The purpose of repegging the dollar to gold would be to remove what is euphemistically called "monetary policy" (a more sinister description would be "legalized counterfeiting") from politics and special-interest corruption as much as possible. People laud the current Fed as being "independent," but of course that is absurd. The Fed as it currently operates is clearly a cartelization device that shoves new money into the pockets of rich bankers, and that allows the government to finance massive deficits much more cheaply than would otherwise be possible.

"So You Want the Government to Set Prices?"

Related to the above criticism, some purists also ask, "Why don't you favor a market-driven price for the dollar and for gold? Just let supply and demand determine prices, not some rigid number picked out of a hat by the politicians."

This objection sounds plausible at first, but it too misses the mark. If the Fed were to say, "We are now announcing a new policy objective of maintaining the price of gold at $2,000 per ounce, from now until the end of time, and we will begin accumulating stockpiles of gold to reassure investors that we will be able to maintain the target," this would not be analogous to the federal government saying, "We are establishing a minimum price of labor at $7.25 per hour."

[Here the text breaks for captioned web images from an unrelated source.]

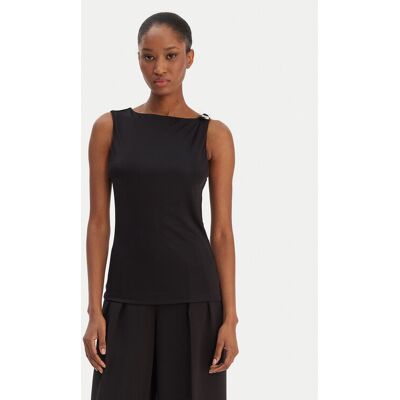 HUGO Top Dastasy 50555782 Čierna Regular Fit Ženy HUGO Top Dastasy 50555782 Čierna Regular Fit Ženy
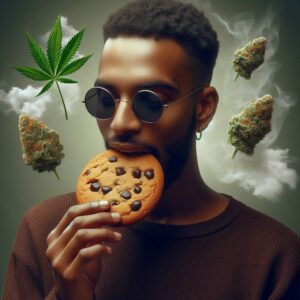 persona comiendo una galleta de cannabis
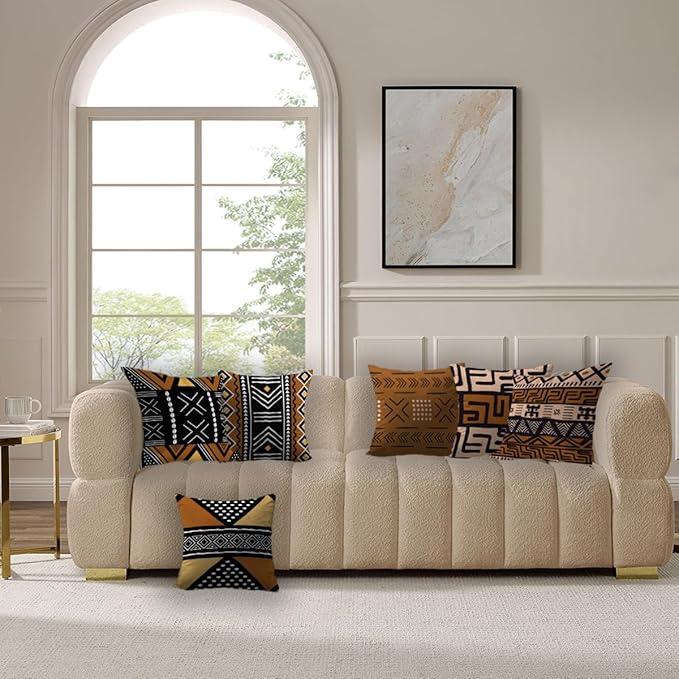 African Throw Pillow Covers Set of 6, Rustic Mud Cloth Texture Brown Pillowcase Boho Ethnic Mudcloth Home Decor Outdoor Decorative Cushion Case 18"X18"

Under a genuine gold standard, when the Fed "sets" the dollar price of gold it isn't threatening people with fines or jail time if they want to trade gold at a different price. Rather, the Fed (or the government in general, if there were no central bank) would adjust the quantity of dollars in existence to maintain the target. If the forces of supply and demand were such that the market price of gold had drifted upward to, say, $2,025 per ounce, then the Fed (assuming a $2,000 target) would need to sell off some of its gold holdings,[1] which would (1) flood the market with more gold and (2) shrink the amount of dollars in the financial system. This contractionary policy would push down the price of gold toward the peg of $2,000.

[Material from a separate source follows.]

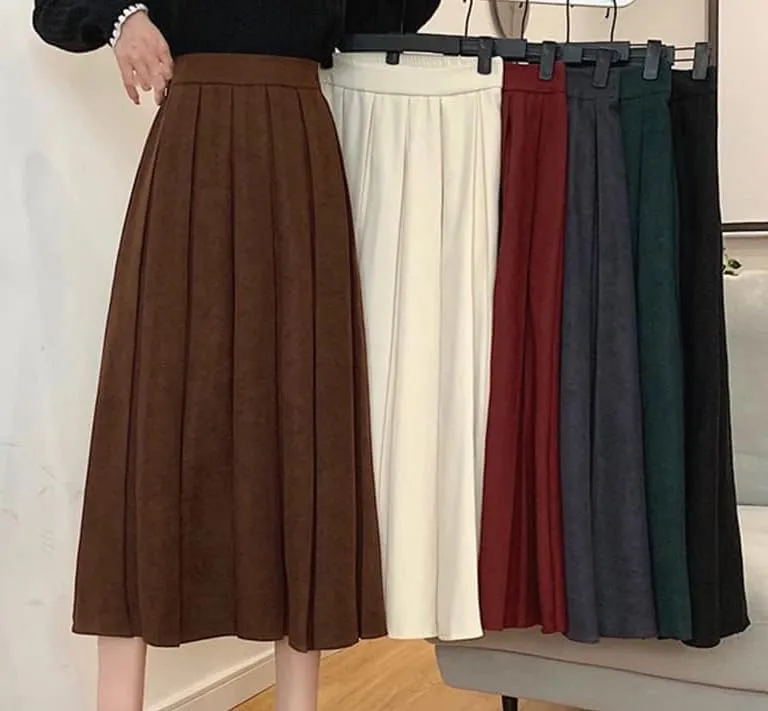 Women's Stylish Pleated Midi Skirt High Waist A-Line Solid Skirt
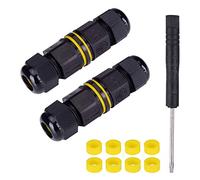 UPOOS Boîte de Jonction Étanche IP68 Connecteur de Câble Extérieur en 4 Pôles pour Câble Ø 5-12mm Coupleur de Manchon Externe Boîtier Électrique Extérieur Boîtier de Dérivation (Lot de 2)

On the other hand, nobody would be so foolish as to sell his gold for less than $2,000 per ounce, if the Fed (or the Treasury) had a standing invitation for anyone to trade in an ounce of gold in exchange for $2,000 in Federal Reserve notes. Why sell your gold to another private citizen for (say) $1,950 an ounce, when the US government stands prepared to buy unlimited quantities of gold at a fixed price of $2,000 per ounce?

Finally, a critic could (and actually did, on my blog) ask how this arrangement differs from the current one? After all, right now Bernanke "sets" interest rates, but not through literal price controls. Instead, the Fed adjusts the quantity of reserves in the banking sector such that the "market-determined" federal funds rate is close enough to the Fed's target for this interest rate. So isn't this basically the same thing as the gold standard, with a different "good" serving as the monetary commodity?

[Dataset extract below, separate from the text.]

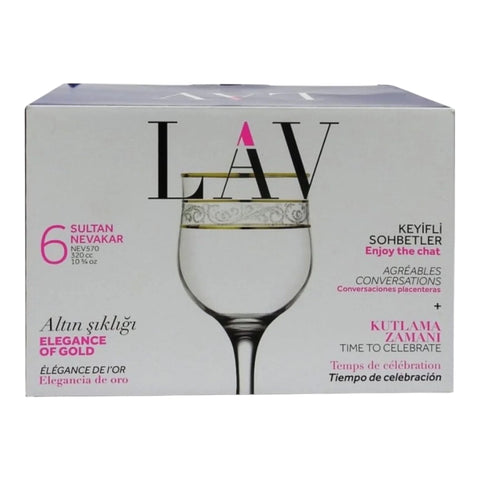 Set 12 pahare cu picior LAV Adora Gold 320 ml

There are two problems with this sophisticated objection. First, in the current system the Fed has a moving federal-funds target. At best, then, it would be analogous only if the Federal Open Market Committee said after each meeting, "We are now setting the target price of gold at such-and-such dollars. However, if unemployment begins rising and core CPI is under 2 percent, we will begin raising the target price of gold in $10 increments over the next few meetings." That system would be nothing like the classical gold standard.

Yet the deeper problem with the analogy is that on a classical gold standard, the government is (imperfectly) mimicking what would happen if the money were actually gold, with people walking around with gold coins in their pockets, and merchants quoting prices not in dollars but in grains or ounces of gold. The classical gold standard, by fixing the dollar as convertible into a definite and constant weight of gold, doesn't introduce another price: the dollar is supposed to be a claim-ticket to gold. This isn't really "price fixing," any more than defining a foot as 12 inches is "central planning."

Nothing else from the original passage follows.